> _Directions_
Please output the listing below character for character and omit the images.

> _Source data_
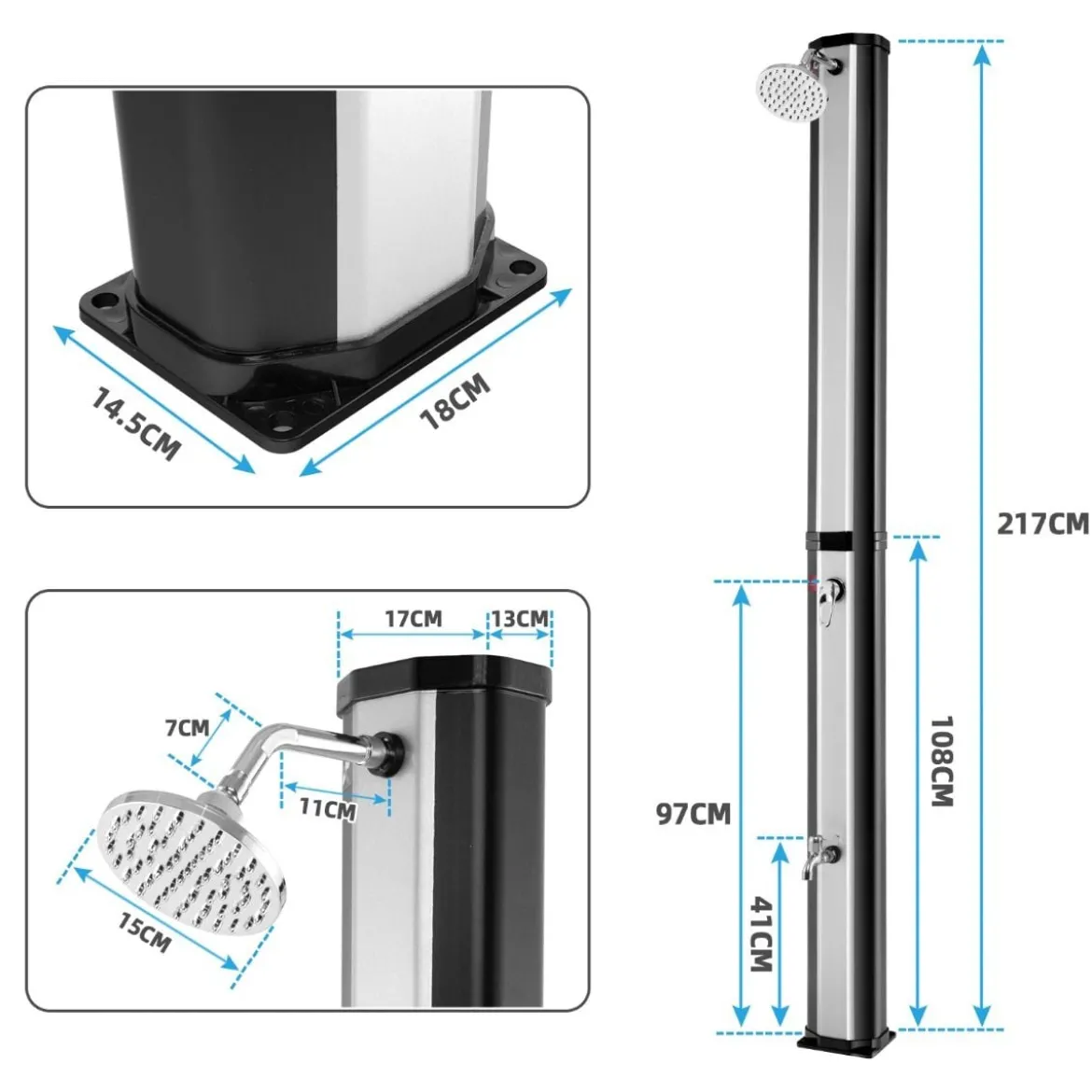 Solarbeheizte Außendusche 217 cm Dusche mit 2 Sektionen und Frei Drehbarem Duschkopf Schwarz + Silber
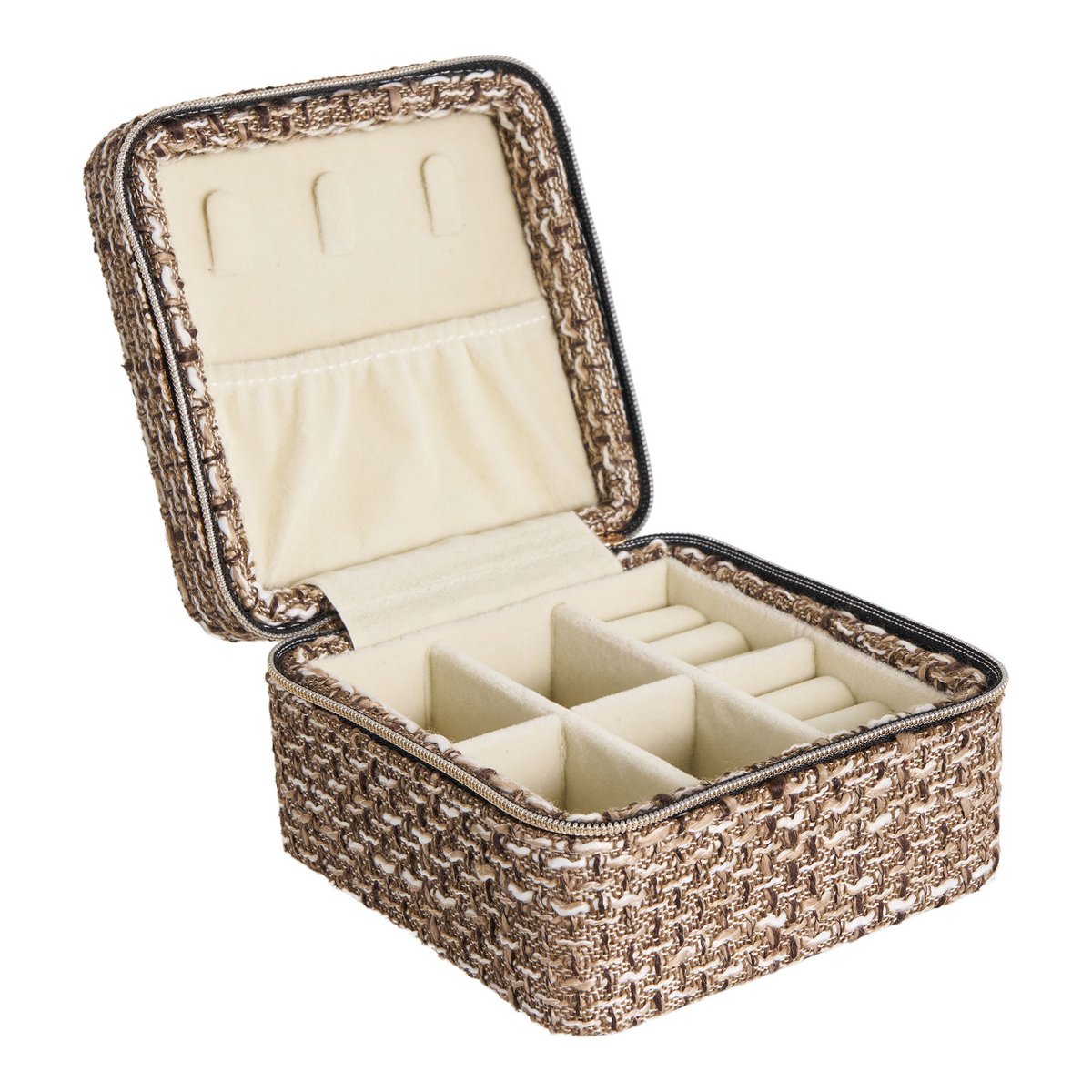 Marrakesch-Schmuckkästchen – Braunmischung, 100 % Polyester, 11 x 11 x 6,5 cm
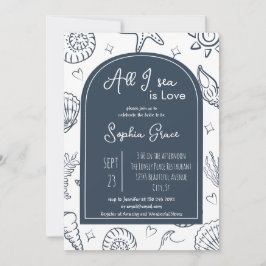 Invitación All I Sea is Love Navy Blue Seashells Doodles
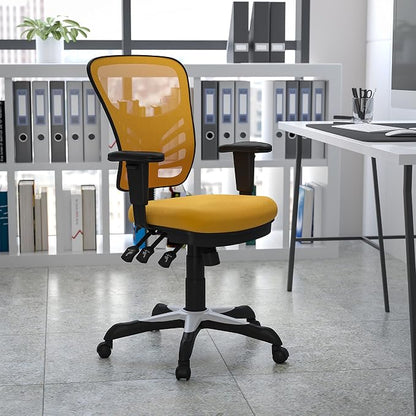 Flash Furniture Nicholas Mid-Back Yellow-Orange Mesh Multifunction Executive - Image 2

> _Response_
 Solarbeheizte Außendusche 217 cm Dusche mit 2 Sektionen und Frei Drehbarem Duschkopf Schwarz + Silber
 Marrakesch-Schmuckkästchen – Braunmischung, 100 % Polyester, 11 x 11 x 6,5 cm
 Invitación All I Sea is Love Navy Blue Seashells Doodles
 Flash Furniture Nicholas Mid-Back Yellow-Orange Mesh Multifunction Executive - Image 2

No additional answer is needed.